GRADUATE SCHOOL OF SCIENCES & ENGINEERING
BIOMEDICAL SCIENCES AND ENGINEERING
PhD THESIS DEFENSE BY GIZEM YILMAZ
Title: Contamination of the EEG by Postural Activity of Temporalis Muscle: Single Motor Unit Approach to Evaluate the Extent of Muscle Interference
Speaker: Gizem Yılmaz
Time: January 18, 2019, 10.30
Place: ENG 208
Rumeli Feneri Yolu
Thesis Committee Members:
Prof. Dr. Kemal S. Türker (Advisor, Koç University)
Prof. Dr. Pekcan Ungan (Koç University)
Prof. Dr. Tamer Demiralp (İstanbul University)
Prof. Dr. Yasemin Gürsoy Özdemir (Koç University)
Doç. Dr. Barış Isak (Marmara University)
From the diagnosis of neurological disorders in clinics to the state of the art brain computer interface systems, the electroencephalography (EEG) has constituted an important tool in monitoring brain’s ongoing activitiy. The scalp EEG is recorded with electrodes from few to hundreds in number (depending on the aim and the application) that are placed on the scalp to capture and record the electrical activity of neural sources. However, head is also covered with facial, masticatory and neck muscles whose activities can be mixed up with the neural signal. This signal contamination problem is eccentuated when the frequency overlap between the EEG and the electromyography (EMG) is considered. The myogenic contamination of the EEG has been well documented for the voluntary activation of muscles and via surface EMG recordings. However, first, surface EMG is not reliable alone to detect the source of myogenic activity because of the cross-talk problem. Second, facial, masticatory and neck muscles exhibit unintentional, involuntary activities which may have postural role.

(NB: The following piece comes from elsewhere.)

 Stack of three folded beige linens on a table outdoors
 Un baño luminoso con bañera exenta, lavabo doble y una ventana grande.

Following the two drawbacks listed, here in this thesis we aimed to evaluate the extent of myogenic contamination during recordings at rest. It was shown before that single motor unit activity interferes with the EEG signal. Here, we first wanted to evidence the temporalis activity at rest is due to postural activity in maintaining mandibular posture. Secondly, we wanted to compose a simple, artefact like EEG signal from the linear summation of surface representations of temporalis single motor units. We further compared the EEG-like signal and the original EEG in terms spectral characteristics. We demonstrated the widespread interference from temporalis SMU activity over the EEG electrodes even at rest and the surface EMG of temporalis activity was contained in the scalp EEG signal. In the last step, we applied an artefact removal algorithm to clean the EEG signal from artefactual components such as eyeblinks and muscle activities. Our aim was to evaluate the SMU interference before and after artefact pruning to investigate if artefact removal can detect and remove the SMU level interference. We observed that the application of an Independent Component Analysis (ICA) based artefact removal algorithm on the EEG signal decreased the amplitude of interference but could not completeley rule it out.

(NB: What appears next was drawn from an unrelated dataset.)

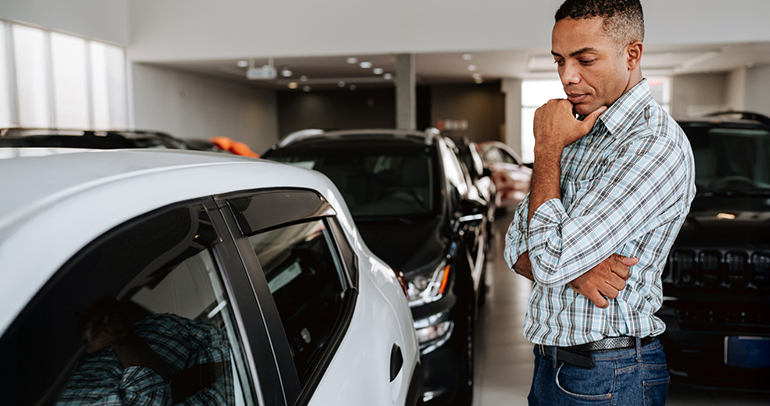 Man analyzing a battery electric vehicle (BEV) at the dealership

Our findings so far illustrated that the SMU level interference from the tonic or postural activity of temporalis is quite prominent to ignore, contaminating EEG bands particularly in beta and gamma frequencies. Hence, the interference can be persistent after ICA processing. Considering that temporalis is only one of the muscles among many surrounding the head, the EEG-EMG relationship should be reconsidered cautiously. New approaches and removal algorithms with sensitivity to SMU level activity are needed for both clinicians and engineers in the EEG field.